Swarmi Satyananda Saraswati’s Fish Pose (Matsyasana). This variation is the full, traditional pose. Instead of extending the legs in step one (above), bring your legs into lotus pose (padmasana) by crossing your legs, right over left, and placing your feet in the creases of the opposite hip joints. In step five, take your hands out from under your hips and take a hold of your feet with the opposite hand. Repeat the pose with the left leg crossed over the right.
Swarmi Satyananda Saraswati’s Fish Pose, Variation I (Matsyasana). This variation provides more support for the head, but also puts more weight onto the head, buttocks, thighs, and heels. In step five (above), take your hands out from under your hips and, interlocking your fingers, place them underneath your head.

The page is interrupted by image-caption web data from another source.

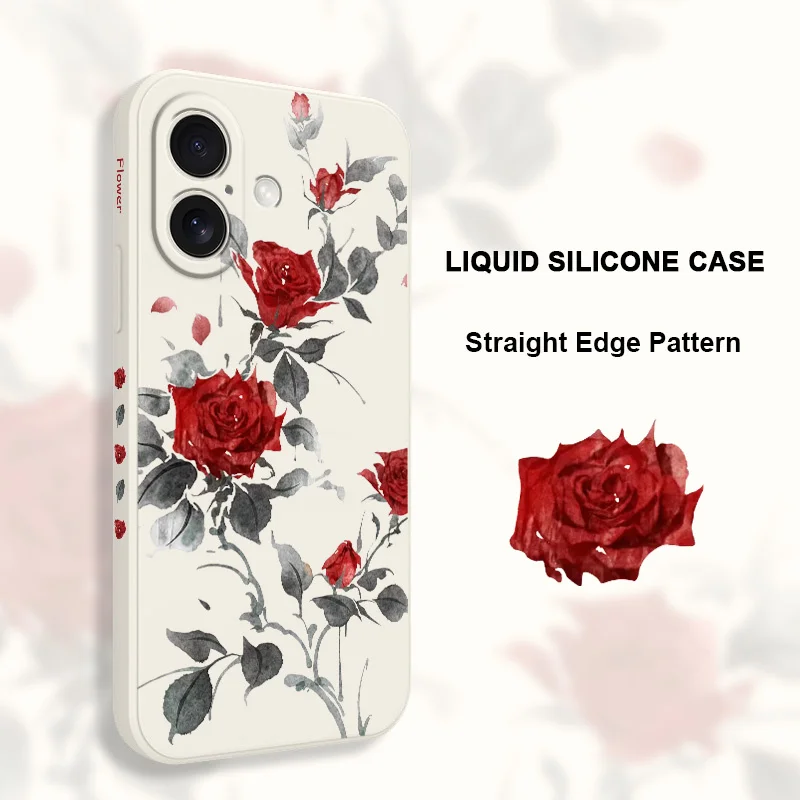 Elegant Graceful Rose Silicone Phone Case Cover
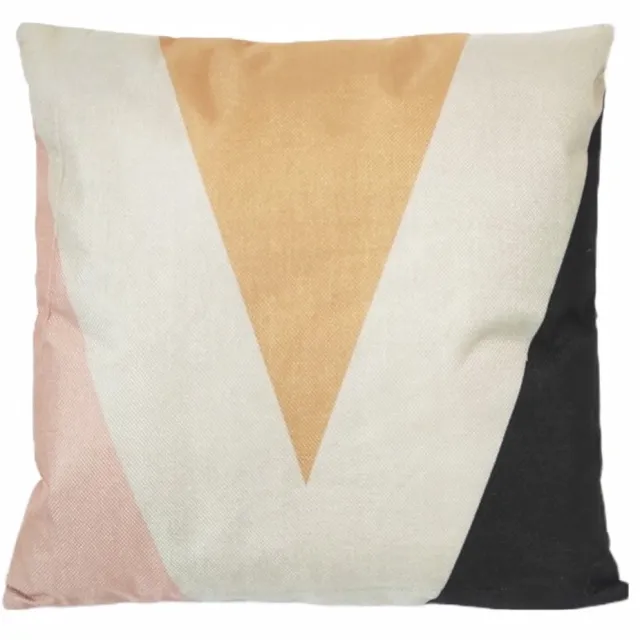 Granda Decoratieve Kussensloop 45x45 Jute Linnen Grafisch Pastel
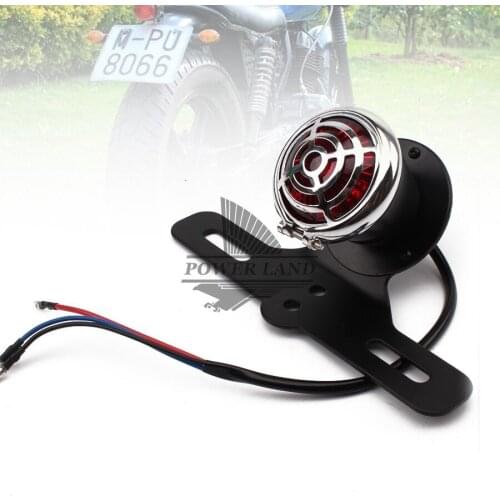 For Harley Bobber Chopper Cafe Racer Custom Black Bullet Integrated License Plate Mount Tail Light Brake Light Chrome Lens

Swarmi Satyananda Saraswati’s Fish Pose, Variation II (Matsyasana). This variation is halfway between the traditional yoga fish pose and the modified version we practice most commonly in the west. In step one (above), bring your legs into half lotus pose (ardha padmasana) by crossing your legs, right over left, and tucking your right heel into your left hip crease. In step five, take your hands out from under your hips and take a hold of your right foot with both hands. Repeat the pose with the left leg crossed over the right.
Flying Fish Pose (Matsyasana). This variation is a strengthening pose that builds greater strength in the back, relative to the normal pose, and engages the thigh and upper arm muscles, which the normal pose does not. In step five (above), lift the feet approximately 45 degrees off the mat. Then, raise your arms. Like your legs, angle them at 45 degrees relative to the mat. Breath and hold the pose.